§ TASK DIRECTIONS
Leave the pictures in the listing below aside and reproduce exactly the lines starting with the one with "Girl Baby in" and going on through the one with "Women's Cropped shirt & cargo pants set", both ends included.

§ PROVIDED DATA
[Start of section]

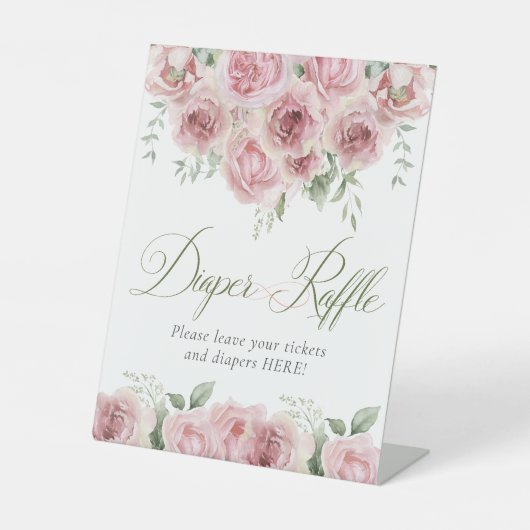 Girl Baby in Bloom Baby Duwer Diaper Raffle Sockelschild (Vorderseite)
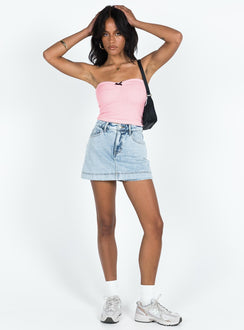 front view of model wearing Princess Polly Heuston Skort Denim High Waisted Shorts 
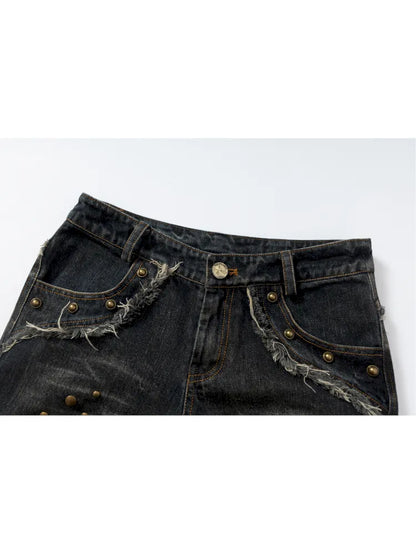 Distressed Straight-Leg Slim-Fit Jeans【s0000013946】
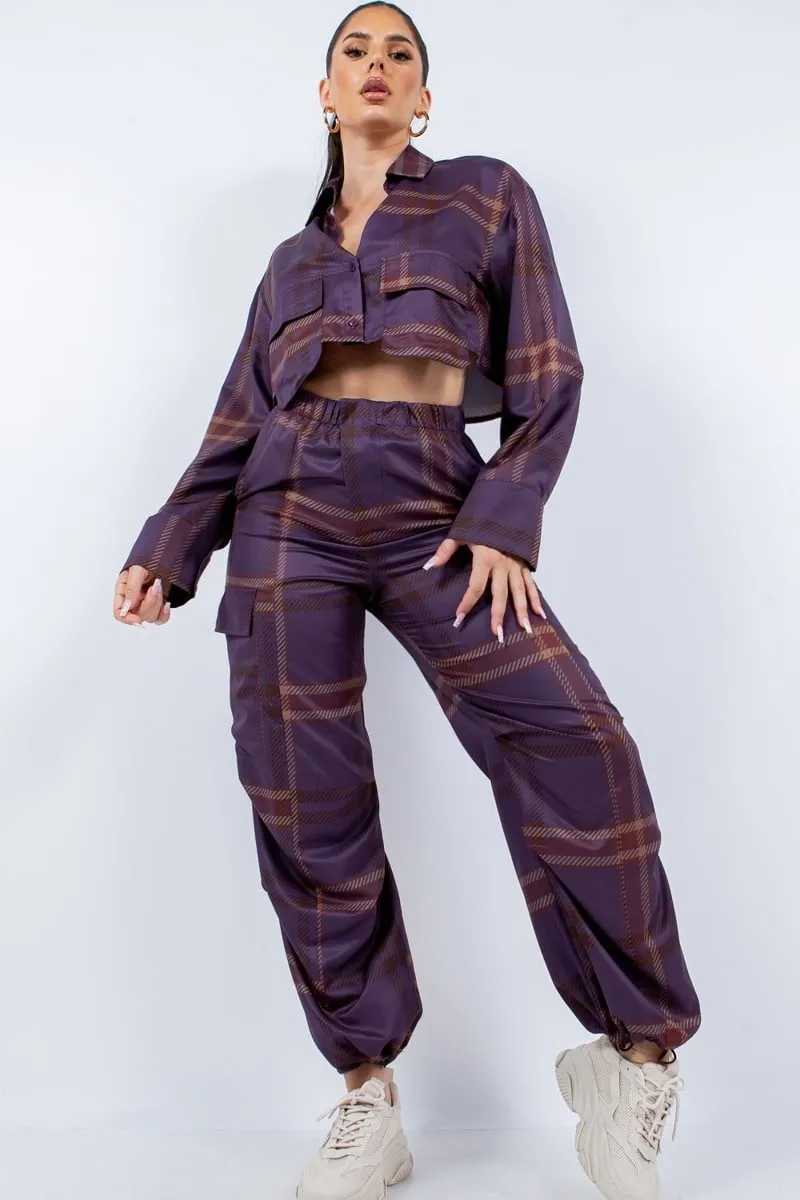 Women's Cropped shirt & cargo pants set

[End of section]
[Start of section]

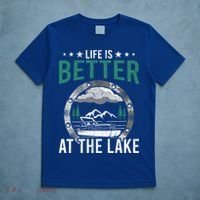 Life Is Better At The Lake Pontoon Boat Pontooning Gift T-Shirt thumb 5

[End of section]
[Start of section]

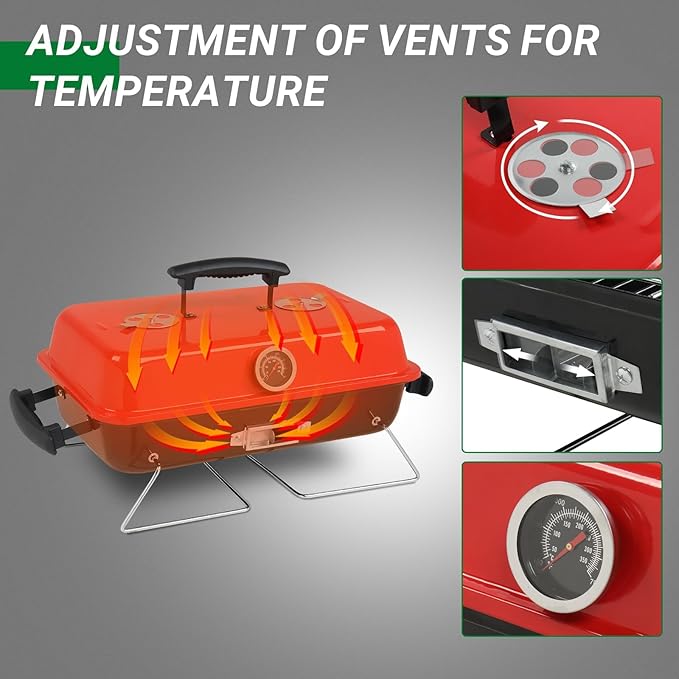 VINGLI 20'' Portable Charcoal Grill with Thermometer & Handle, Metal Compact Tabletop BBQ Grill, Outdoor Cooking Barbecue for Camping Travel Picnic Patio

[End of section]

§ ANSWER TO THIS EXERCISE
 Girl Baby in Bloom Baby Duwer Diaper Raffle Sockelschild (Vorderseite)
 front view of model wearing Princess Polly Heuston Skort Denim High Waisted Shorts 
 Distressed Straight-Leg Slim-Fit Jeans【s0000013946】
 Women's Cropped shirt & cargo pants set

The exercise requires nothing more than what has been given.